M&D comes closest of all Pynchon’s novels to the traditional sense of closure. The account of the Mason-Dixon expedition is neatly sandwiched between introductory and concluding sections, as it is enclosed comfortably within the story told by the Revd Cherrycoke to his family circle, itself reflected in the thematically overdetermined “Mirror in an inscrib’d Frame” that appears on the novel’s second page. The main narrative is, in turn, studded like a Fruit-Cake with digressions: side trips to New York and Virginia, a tale of a Tub, and a chapter devoted to the mechanickal Duck’s love story and another one on the fairy tale of the Court Astronomers Hsi and Ho…. The Ghastly Fop episode that interrupts the novel without warning in chapters 53 and 54 looks like an exception: far from being self-contained, its unexpected fusion with Cherrycoke’s narrative leads directly to this dialogue between Captain Zhang and Dixon:
“We happen to be the principal Personae here, not you two! Nor has your
Line any Primacy in this, being rather a Stage-Setting … ”
“And Mason and I,—”
“Bystanders. Background. Stage-Managers of that perilous Flux,—little more.”
“Eeh.” Dixon thinks about it. “Well it’s no worse than Copernicus, is it …?”
This blurring of multiple levels of fiction may be a pinnacle of novelistic self-referentiality, but it may also be a sly reminder of the simple geometric fact that an ellipse has not one but two foci….9 And perhaps we should understand the double Mason-Dixon line as what remains of an ellipse when its two foci, in this case the two main characters, are sent to infinity in opposite directions.

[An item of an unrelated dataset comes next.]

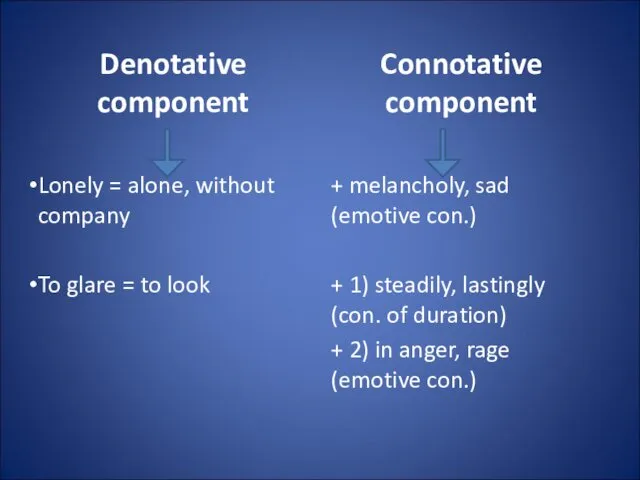 Denotative component Lonely = alone, without company To glare =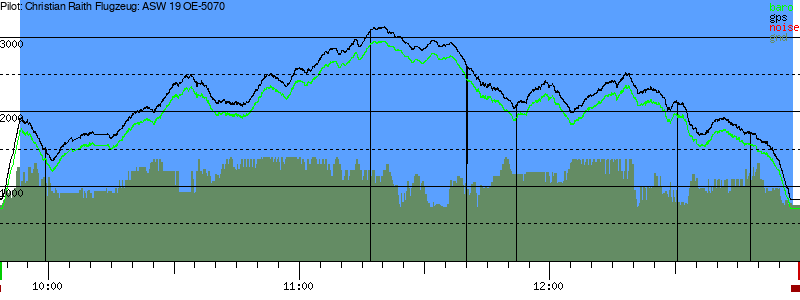 Barometer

In my initial sketch for this chapter, written in 2008, I set out to write down unquiet thoughts about automorphy in Against the Day that came to me only some time after I had put the book aside. Having turned my attention to Mason & Dixon with a Thesis to defend or discard, it’s not surprising that my reading turned up a great deal more in the way of material. I just mention in passing
—the “Geometry more permissive than Euclid,” apparently spherical rather than hyperbolic, in chapter 33,
—the Möbius smoke ring in chapter 34,
—and the ruminations on Time, the “Space that may not be seen,” the “true River than runs ‘round Hell” in chapters 32–34.

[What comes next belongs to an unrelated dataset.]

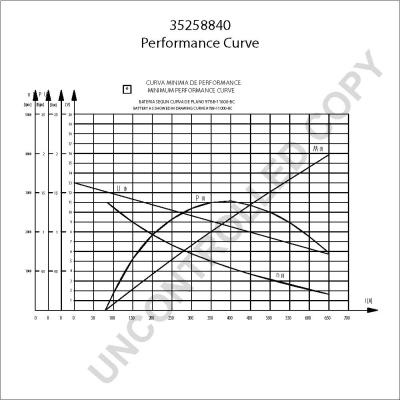 Prestolite Electric 35258840 - Motorino d'avviamento autozon.pro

Time is undoubtedly of thematic import in M&D, and this particular sequence of attempts to circumscribe Time is initiated by the swallowing, by a character known only as R.C., of a Watch that operates by Perpetual-Motion. Having completed his reflections on the consequences of swallowing Time, Pynchon opens chapter 35 with the Cherrycoke’s family’s most heated, and most quoted, argument, on the relation between History, Truth, and ‘Novel.’ Philadelphia lawyer Ives LeSpark puts it this way:
Time on Earth is too precious. No one has time, for more than one Version of the Truth.

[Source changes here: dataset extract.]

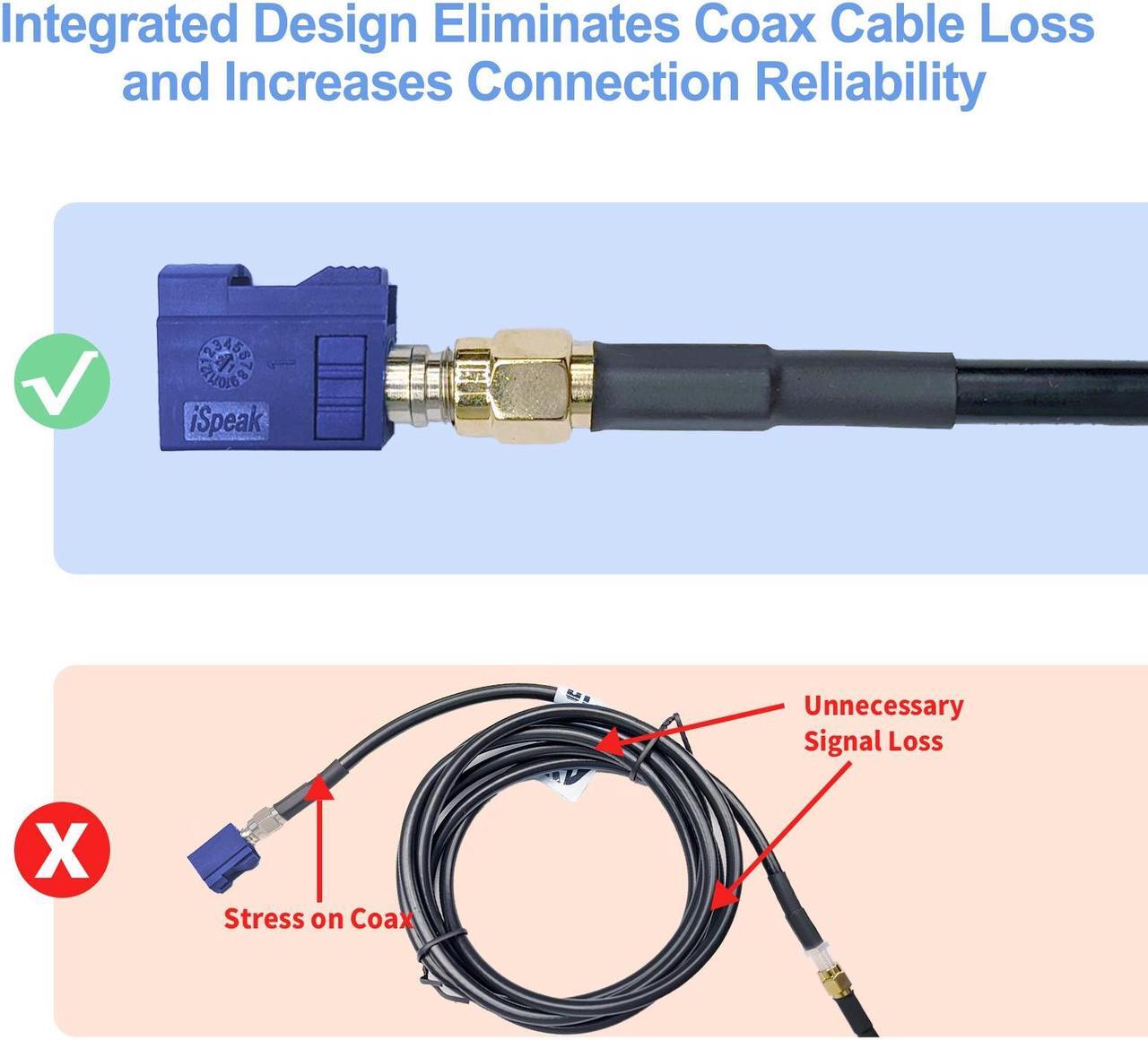 Alt view image 6 of 7 - Maswell Fakra C Female to SMA Female Interseries Adapter Blue Universal Compatibility for GPS Multi-Function Antennas Automotive Antenna Signal Adapter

For the author, swallowing Time amounts to enclosing it in a novelistic structure. And Time, in the form of the watch inside R. C. who is buried in a tomb in the middle of a story-within-Cherrycoke’s-story-within-Pynchon’s-story at the heart (or should I say focus?) of the book, is the cosmic principle around which all the plot’s planets revolve.
Most suggestive of the Mason & Dixon’s cyclical structure is the prediction in its very last line:
We’ll fish there. And you too.
Addressed to Mason by his two older sons, after (or as?) they “ensign their Father into his Death,” the last three words lose none of their poignancy if they are taken literally as a prediction, which becomes true only on the condition that the narrative is meant to recommence at that point from the beginning. As it is a convenient way to reconcile Mason’s abrupt decision near the end of his life to return with his family to Pennsylvania with this summary of his life, made shortly before Dixon’s death:
To leave home, to dare the global waters strange and deep, consort with the highest Men of Science, and at the end return to exactly the same place, us’d,—broken….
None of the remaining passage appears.